It highly depends on how the Lisp implementation works and how the VPS is implemented. The short description of the problem is that some Lisps (SBCL) make a lot of assumptions about the address space they are going to be loaded into, such as what address ranges are used. They optimize their load time through these assumptions, adjusting as little as possible of their core file, for instance. In a non-virtualized environment, these assumptions typically hold, but they can be violated in virtualized environment.
There are typically two types of VPS implementation:
- a "containers" system like Parallels Virtuozzo
- a true hypervisor system like VMware or Xen
Containers-based systems are much more efficient at packing VMs onto hardware (they are more memory efficient).
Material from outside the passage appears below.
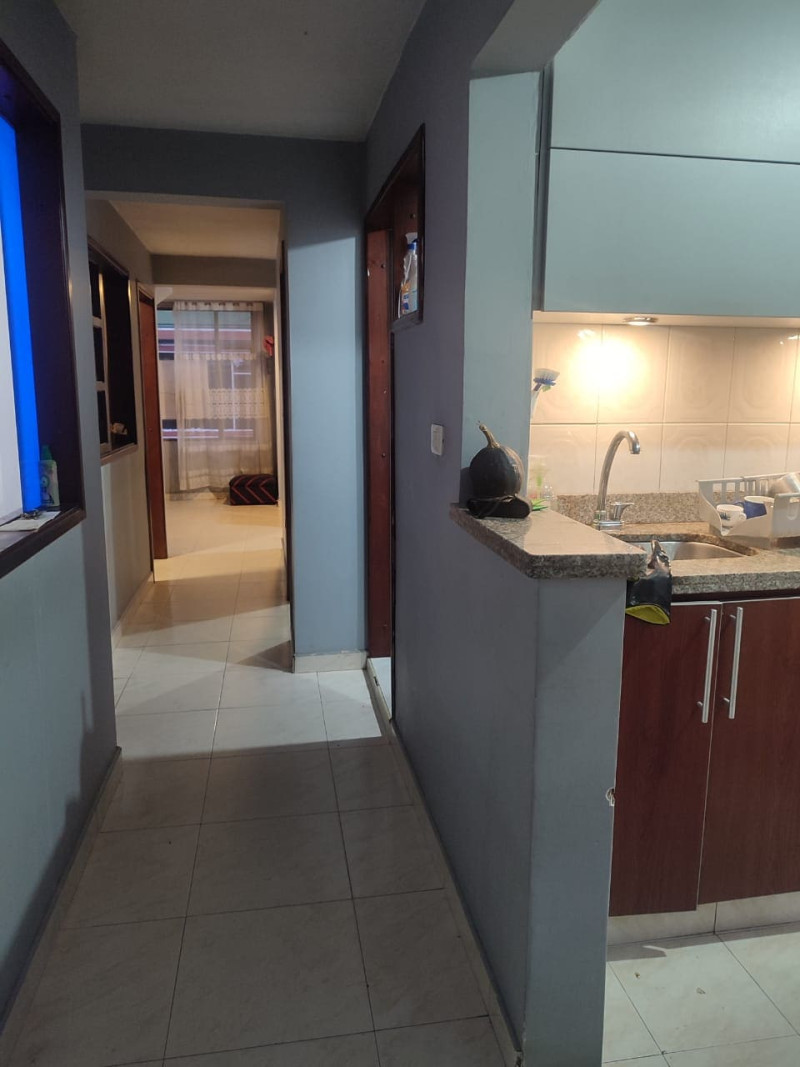 Casa en venta en La Gaitana, Bogotá · foto 9 de 24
Unfortunately, they violate the address space assumptions used by Lisps like SBCL. True hypervisor systems (VMware, Xen, VirtualBox, Parallels on Mac OSX) do not have this problem. But they also can't pack as many virtual machines onto hardware, so many hosting companies prefer containers-based systems like Virtuozzo because they make the hardware go farther.
Note that only some CLs are affected, notably SBCL and CMUCL. CLISP and ECL should still work fine, I believe. Unfortunately, most other programs and scripting languages (Perl, Python, Ruby, PHP, etc.) are not affected by this, so there is little incentive for the hosting companies to see this as a problem with their virtualization environment; rather, they'll view it as a problem with Lisp.